The full report and details about the 2016/17 review(external link) can be found on the Law Commission's website.

What will the review involve?

The review will take a phased approach. The first phase of engagement for the review will provide an opportunity for organisations to share their views and lived experiences in a meaningful way. It will involve working with Māori Treaty partners and with ethnic, faith-based, youth, rainbow, and other interested communities. This is taking place between April and June 2022.

It will consider points such as:

  • How do we ensure search and surveillance law enforcement activities are consistent with human rights?
  • How do we ensure rights, including those in Te Tiriti o Waitangi, are protected?
  • What safeguards are appropriate for search and surveillance activities? 
  • What principles, if any, should guide search and surveillance powers?
  • Do you think Policy Statements addressing how agencies must conduct certain search and surveillance activities would be helpful?
  • How can we ensure the powers in the Act aren’t used disproportionately against different groups of people?
  • As technology has developed, legislation and regulation has been slow to respond to the new ways in which people communicate and interact.

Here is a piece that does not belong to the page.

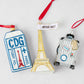 Parisian-themed Christmas ornament set featuring a glittery CDG luggage tag, gold Eiffel Tower, and silver suitcase.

How do we best make rules about surveillance considering ever-changing technology?
  • What safeguards (if any) are appropriate for covert operations?
  • Are there any other aspects of search and surveillance that your organisation and the communities you are involved with are concerned about?
  • How can we support communities you are part of to engage meaningfully with the future phase of public engagement?
  • What topics do you think communities you are part of would be most interested in providing feedback on for future engagement?
  • How can we continue to keep in touch with communities you are part of about search and surveillance issues after the review is over?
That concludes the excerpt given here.